**WORK TASK:**
Only the lines from the line containing "Apartment Seri Melati, Bandar" to the end of the entries, both included, belong in your answer, and each must match exactly.

**DATA FOR THIS TASK:**
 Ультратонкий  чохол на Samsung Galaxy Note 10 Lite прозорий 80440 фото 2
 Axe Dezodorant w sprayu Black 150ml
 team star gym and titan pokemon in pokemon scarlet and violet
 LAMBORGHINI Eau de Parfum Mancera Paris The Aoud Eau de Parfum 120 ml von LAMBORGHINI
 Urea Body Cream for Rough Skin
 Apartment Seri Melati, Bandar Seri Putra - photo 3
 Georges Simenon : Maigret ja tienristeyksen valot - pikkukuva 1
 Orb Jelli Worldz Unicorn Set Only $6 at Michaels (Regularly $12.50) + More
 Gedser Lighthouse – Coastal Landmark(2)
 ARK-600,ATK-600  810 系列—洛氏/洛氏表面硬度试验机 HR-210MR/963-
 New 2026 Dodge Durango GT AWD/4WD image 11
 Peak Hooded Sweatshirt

**TASK RESULT:**
 Apartment Seri Melati, Bandar Seri Putra - photo 3
 Georges Simenon : Maigret ja tienristeyksen valot - pikkukuva 1
 Orb Jelli Worldz Unicorn Set Only $6 at Michaels (Regularly $12.50) + More
 Gedser Lighthouse – Coastal Landmark(2)
 ARK-600,ATK-600  810 系列—洛氏/洛氏表面硬度试验机 HR-210MR/963-
 New 2026 Dodge Durango GT AWD/4WD image 11
 Peak Hooded Sweatshirt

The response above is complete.